Even Mozart got beat into endless practice, endless work as a "child prodigy." And a lot of Beethoven sounds like--as B. said--rearrangements of Mozart.


----------



## Old Fat Kenpoka (Aug 22, 2003)

I agree with Robert about the equation formula:  it's another example of Kenpo analysis paralysis if you try to apply it too methodically to too much material.  It IS a good tool if used sparingly though.  

OK, so let's go with Robert's other point that creativitiy is not a positive for the developing student.  What about spontaneity?  When does everyone think a student should be able to spontaneously respond to an attack?  When they respond spontaneously, do you expect them to respond with a canned technique, to improvise ala the equation formula, or come up with something...er...creative?  Again, I have a strong opinion here but I'd like to hear from everyone else first.


----------



## Touch Of Death (Aug 22, 2003)

> _Originally posted by rmcrobertson _
> *Actually, I have no interest in such a debate, because I absolutely don't believe in introducing creativity in the sense apparently under discussion at any stage whatsoever. I believe in learning kenpo, drilling drilling drilling drilling, working the forms, and letting Nature take its course. Why? because if you do that, your personality will emerge in a meaningful way. It can't help it.
> 
> So when would I introduce creativity? At what rank? meaningless question. Sorry, but I fundamentally disagree with the entire premise.
> ...


Robert, Robert, Robert. 
There you go again. The equation formula is not a metaphore it is an actual tool to use when a prearranged sequence of movements( now there is a meaningless metaphor) starts to go awry. That usualy happens the second you start moving. All your moves have counters you know! The equation formula allows you to counter the counter. Mozart was a manic deppresive genious and one day another such as Jimmi Hendrix will come along and rewrite the rule books. I love the way you just dismiss Kenpo concepts that don't fit your dogma and to that I say, "excuse me but my karma just ran over your dogma"
Sean


----------



## Kenpomachine (Aug 23, 2003)

Ok, we have yellow belts doing some free basics at their exams. Are they prearranged moves? No. They're only recquired to do punches and kicks and stances and blocks that they know and imagine they're being attacked. That's creativity at the lower belts. 

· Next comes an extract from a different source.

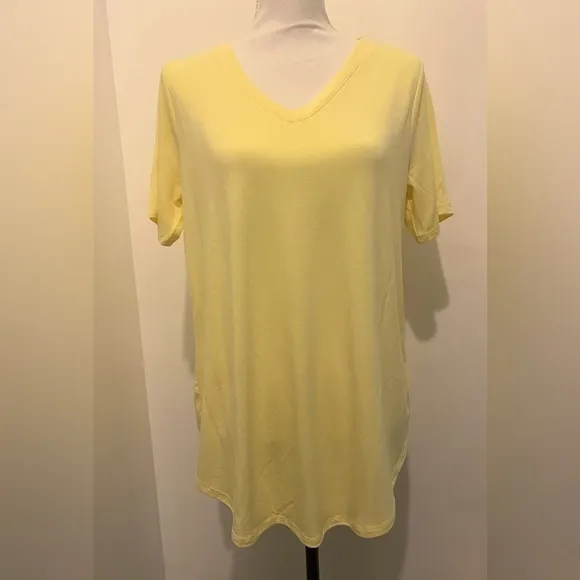 Zenana Short Sleeve Yellow V Neck T Shirt‎ Size Large New Without Tags - Image 2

Of course, what is expected of higher ranking belts is more variety and better technique. And then, against opponents, that it works. Maybe they're not long techniques, and maybe they're not as complex. But it helps you go outside the stablished materials and began being creative. 

Techniques for championships have a lot of hours of work behind them, so they're different from the above drills, which deal more with reaction. That's different from moving in a spontaneous, primitive or mechanical stage, though.


----------



## Kenpomachine (Aug 23, 2003)

> _Originally posted by rmcrobertson _
> *Oops and geewhillikers, my bad. I'd meant to write that I hadn't seen anybody who was usefully creative who WASN'T well-drilled in basics.  *



Yes, but creativity may be built with basic drills.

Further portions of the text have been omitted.